Shared interests form the basis of many friendships, so often adolescents are drawn to members of their own crowds, especially if their crowd is defined by activities rather than more superficial characteristics such as race or socioeconomic status. However, interests can be shared across crowd divisions. Accordingly, while an adolescent's closest friends are almost always part of the same clique (i.e., they interact frequently within the same small friend group), they are not always part of the same crowd, especially if multiple crowds have similar lifestyles.

==Crowd-hopping==
Further emphasizing the flexible nature of crowd membership, some adolescents are not stably linked to one specific crowd—some individuals are associated with multiple crowds, while others are not stably linked to any crowds and "float" among several. These appear more closely attached to individuals outside the peer group (family, dropout friends, friends from a non-school organization, etc.). Others may consciously work to change crowd affiliations to express different interests or achieve a change in social status. The crowd with which an adolescent desires to be identified is far less stable than the personal attributes by which the adolescent is likely to be categorized by peers. Accordingly, adolescents who change crowd membership (a process known as "crowd-hopping") tend to have lower self-esteem, perhaps because they have not yet found an environment and peer group that supports them. It is likely that they continue changing crowd membership until they find a fulfilling niche.

==The rise of crowds==
Crowds first emerge in middle or junior high school, when children transition from stable, self-contained classroom peer groups into larger schools, where they interact with a more varied body of peers with less adult guidance. Crowds emerge to group students by caricature and structure interactions between students of each type. Early crowds are often based on social status, especially among girls, with a small group of well-known children being "popular" and the rest "unpopular." To maintain their own status, popular girls will avoid the overtures of less-popular children, which actually makes them disliked. Many children stop attempting to gain entry into the popular crowd and make friends with other children instead, giving rise to new crowds.
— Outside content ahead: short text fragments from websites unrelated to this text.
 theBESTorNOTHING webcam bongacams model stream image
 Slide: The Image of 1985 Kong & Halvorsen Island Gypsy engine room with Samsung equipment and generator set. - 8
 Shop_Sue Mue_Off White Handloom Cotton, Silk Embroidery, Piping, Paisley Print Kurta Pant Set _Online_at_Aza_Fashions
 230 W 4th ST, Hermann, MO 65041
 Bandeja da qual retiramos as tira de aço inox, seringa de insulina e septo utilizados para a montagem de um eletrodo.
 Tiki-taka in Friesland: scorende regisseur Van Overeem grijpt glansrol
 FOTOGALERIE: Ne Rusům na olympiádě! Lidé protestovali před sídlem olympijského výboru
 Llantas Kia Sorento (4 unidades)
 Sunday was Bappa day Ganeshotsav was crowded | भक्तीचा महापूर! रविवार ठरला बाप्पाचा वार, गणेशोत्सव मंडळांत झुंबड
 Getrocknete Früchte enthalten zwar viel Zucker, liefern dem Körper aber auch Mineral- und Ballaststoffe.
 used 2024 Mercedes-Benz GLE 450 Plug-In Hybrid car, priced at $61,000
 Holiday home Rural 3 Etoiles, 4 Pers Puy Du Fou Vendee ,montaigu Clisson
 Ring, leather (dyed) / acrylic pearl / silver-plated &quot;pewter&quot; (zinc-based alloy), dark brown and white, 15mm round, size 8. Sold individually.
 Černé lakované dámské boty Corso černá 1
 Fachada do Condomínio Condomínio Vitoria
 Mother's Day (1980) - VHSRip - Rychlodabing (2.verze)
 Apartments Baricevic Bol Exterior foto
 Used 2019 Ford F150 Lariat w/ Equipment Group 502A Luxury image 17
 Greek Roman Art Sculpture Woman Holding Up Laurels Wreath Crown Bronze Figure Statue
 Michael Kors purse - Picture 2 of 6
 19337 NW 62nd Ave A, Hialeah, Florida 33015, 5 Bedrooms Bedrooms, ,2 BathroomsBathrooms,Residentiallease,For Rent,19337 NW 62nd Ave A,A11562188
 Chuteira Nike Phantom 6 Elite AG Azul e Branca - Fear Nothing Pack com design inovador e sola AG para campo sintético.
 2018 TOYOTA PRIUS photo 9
The stereotypes on which crowd definitions are based change over time as adolescents shift from grouping people by abstract characteristics rather than activities ("geeks" rather than "the kids who read a lot"). With age, adolescents become more conscious of crowd divisions and the social hierarchy. Distinctions between crowds also become more nuanced, developing from simple popular/unpopular dichotomies to less hierarchical structures in which there are more than two levels of social acceptability, often with several crowds at each level. As seen in cross-crowd friendships, some crowds interact with each other more readily than others. This transition to a more fluid social structure allows adolescents to change their status over time by changing crowds, remaining in a crowd that undergoes a change in status, or gaining the confidence and perspective to reject the assumptions of the social hierarchy. Willingness to do so reflects a growing sense of personal identity distinct from crowd membership.

==The decline of crowds==
Adolescents’ attitudes toward crowds change over time—while ninth-graders are willing to discriminate against members of other crowds, twelfth-graders are less likely to do so. Adolescents also develop more multifaceted self-concepts and reject crowd labels as simplistic attempts to describe an entire personality. Across the high school years, crowd significance as a basis for affiliation wanes, as does the influence of crowds on an individual's behavior. In fact, some studies indicate that the importance of crowds peaks at age 12 or 13. By the end of high school, adolescents often feel constrained by impersonal, crowd-derived identities. This, combined with the splintering off of romantic couples from the rest of the crowd, may account for the decline of crowd significance over time.